- DESCRIPTION OF THE TASK
With the pictures left out, set down the line containing "When we take" and each line after it to the end of the material, exactly as written.

- GIVEN MATERIAL
+ + + + +

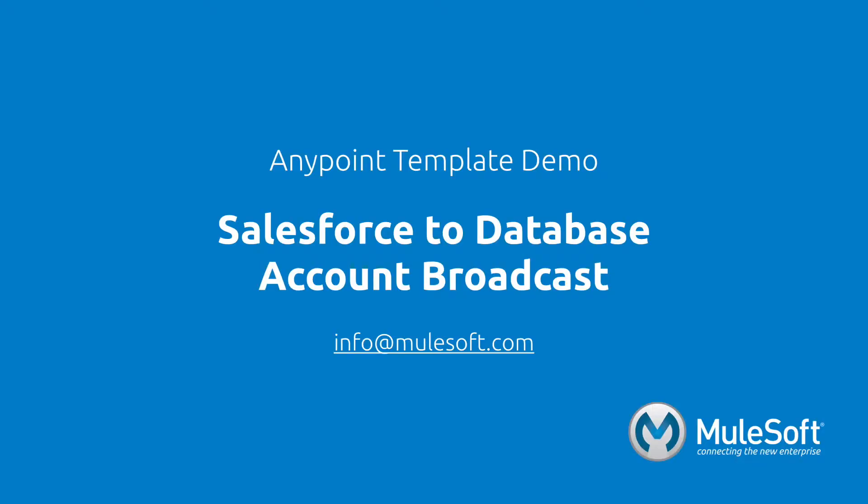Today, we've shown you our Salesforce to database account broadcast template and broadcasted accounts from one system to another. To find out more about the template, follow the view documentation link on the template's detail page. Give the template a try, and if you have any questions or feedback, please send it to info at mulesoft.com. Thank you.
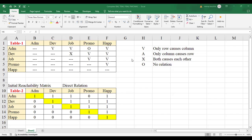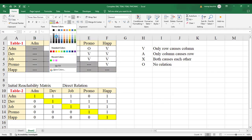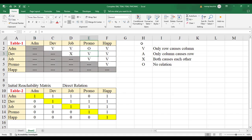When we take the variables, we make a table with all variables in both horizontal and vertical axes. We will take data only in the upper triangular matrix; the lower triangular matrix data we will not take directly. The data will be taken using the VAXO framework. V means row causes the column only; A means only the column causes the row; X means both cause each other; and O means no relation.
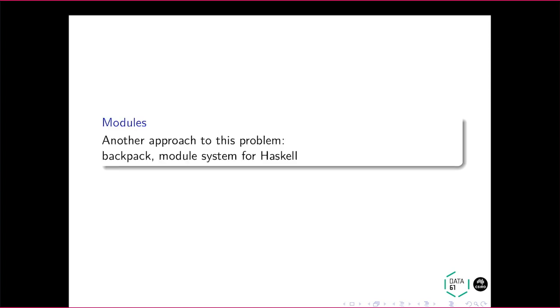So I'm just recently exploring the Backpack solution to this problem. So Backpack's a module system for Haskell since GHC 8.2, I believe. And the immediate problem I see with Backpack is I don't get all the abstractions and generalizations that I do with classy prisms and lenses and so on. However, perhaps I can use bits of Backpack such that I can continue using classy lenses and so on afterwards. So I'm still working on that.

+ + + + +

- EXERCISE OUTPUT
When we take the variables, we make a table with all variables in both horizontal and vertical axes. We will take data only in the upper triangular matrix; the lower triangular matrix data we will not take directly. The data will be taken using the VAXO framework. V means row causes the column only; A means only the column causes the row; X means both cause each other; and O means no relation.
So I'm just recently exploring the Backpack solution to this problem. So Backpack's a module system for Haskell since GHC 8.2, I believe. And the immediate problem I see with Backpack is I don't get all the abstractions and generalizations that I do with classy prisms and lenses and so on. However, perhaps I can use bits of Backpack such that I can continue using classy lenses and so on afterwards. So I'm still working on that.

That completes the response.